Instructions to follow
Nothing but the pictures may be left out. Restate the rest of the entries word for word.

Short web captions:
■ ■ ■

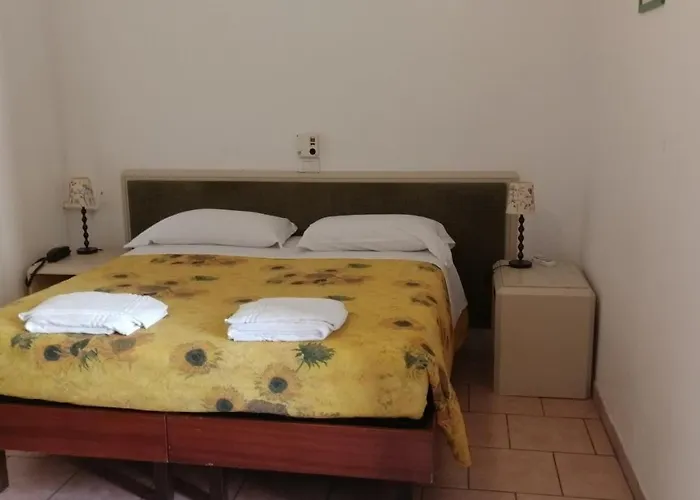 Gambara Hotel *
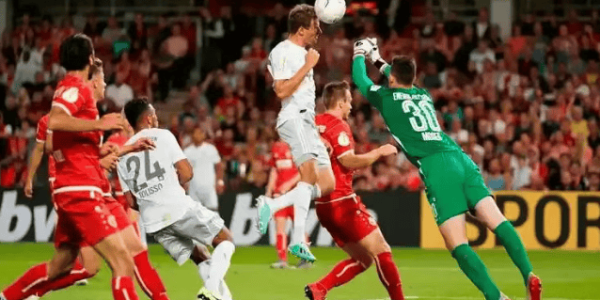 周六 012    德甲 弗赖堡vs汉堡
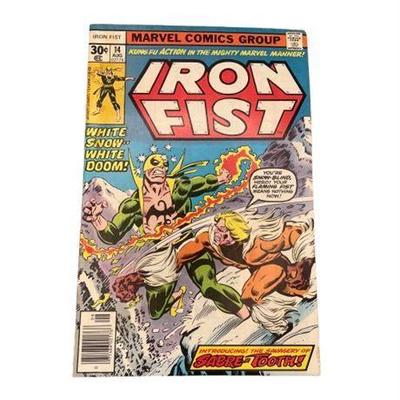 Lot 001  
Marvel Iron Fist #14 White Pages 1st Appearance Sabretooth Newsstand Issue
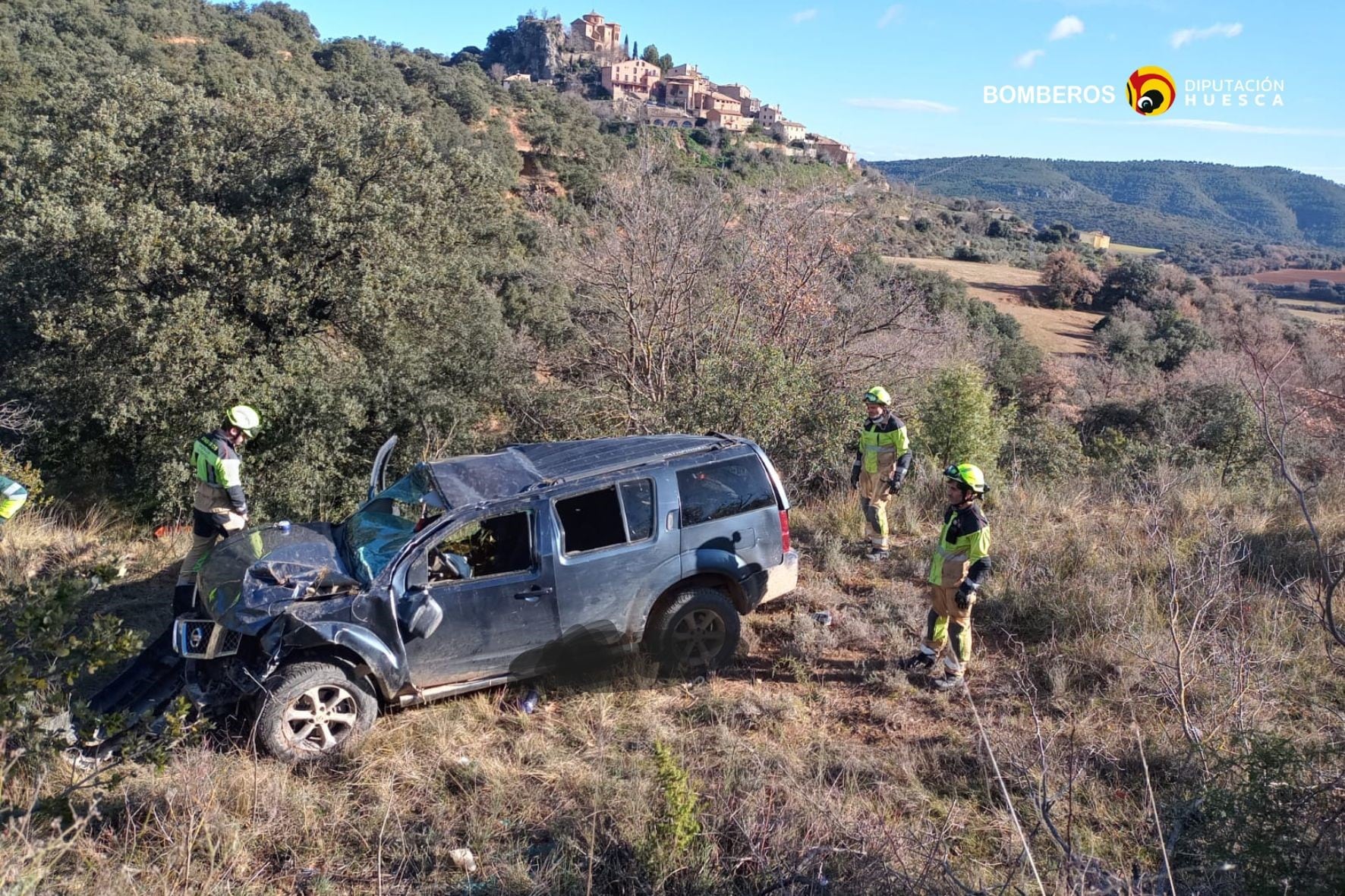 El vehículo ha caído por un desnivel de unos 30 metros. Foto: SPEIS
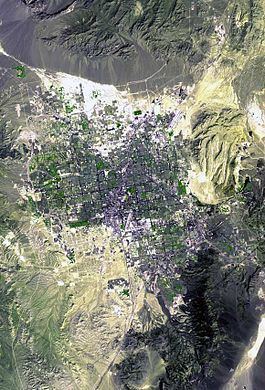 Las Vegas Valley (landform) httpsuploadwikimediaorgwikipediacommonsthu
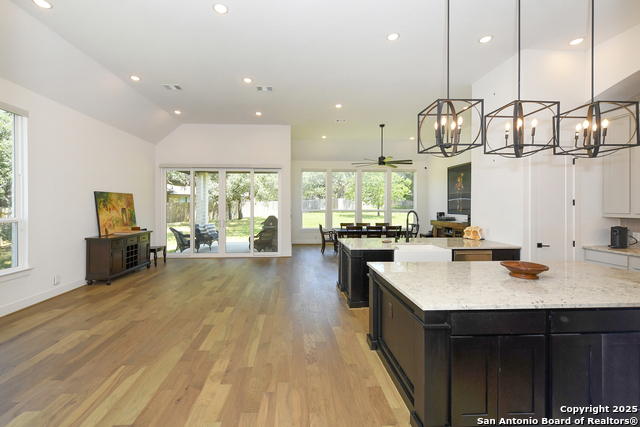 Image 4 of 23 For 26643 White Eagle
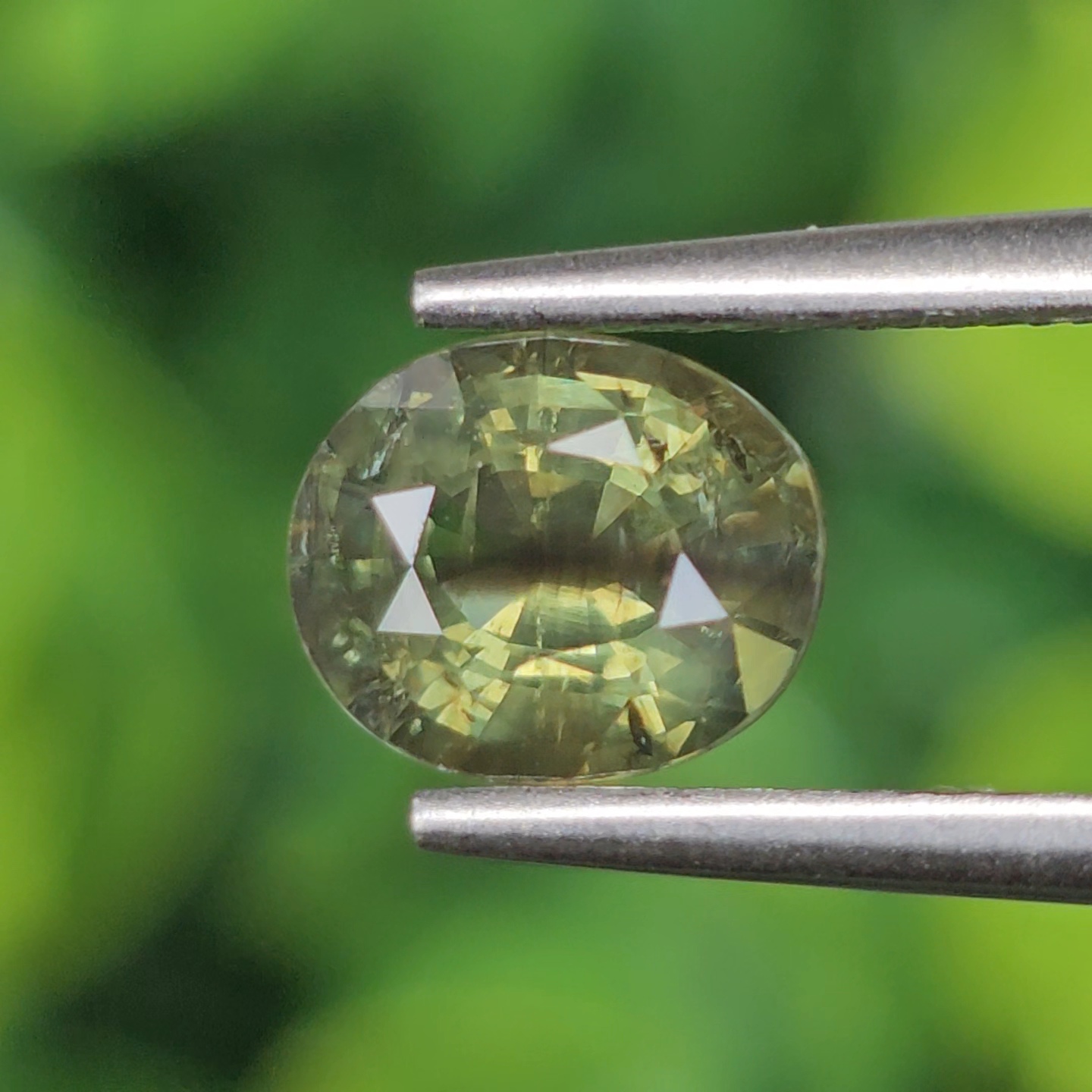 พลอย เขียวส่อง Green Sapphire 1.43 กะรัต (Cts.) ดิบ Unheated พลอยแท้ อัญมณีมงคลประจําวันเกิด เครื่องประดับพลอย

■ ■ ■

Exercise answer
 Gambara Hotel *
 周六 012    德甲 弗赖堡vs汉堡
 Lot 001  
Marvel Iron Fist #14 White Pages 1st Appearance Sabretooth Newsstand Issue
 El vehículo ha caído por un desnivel de unos 30 metros. Foto: SPEIS
 Las Vegas Valley (landform) httpsuploadwikimediaorgwikipediacommonsthu
 Image 4 of 23 For 26643 White Eagle
 พลอย เขียวส่อง Green Sapphire 1.43 กะรัต (Cts.) ดิบ Unheated พลอยแท้ อัญมณีมงคลประจําวันเกิด เครื่องประดับพลอย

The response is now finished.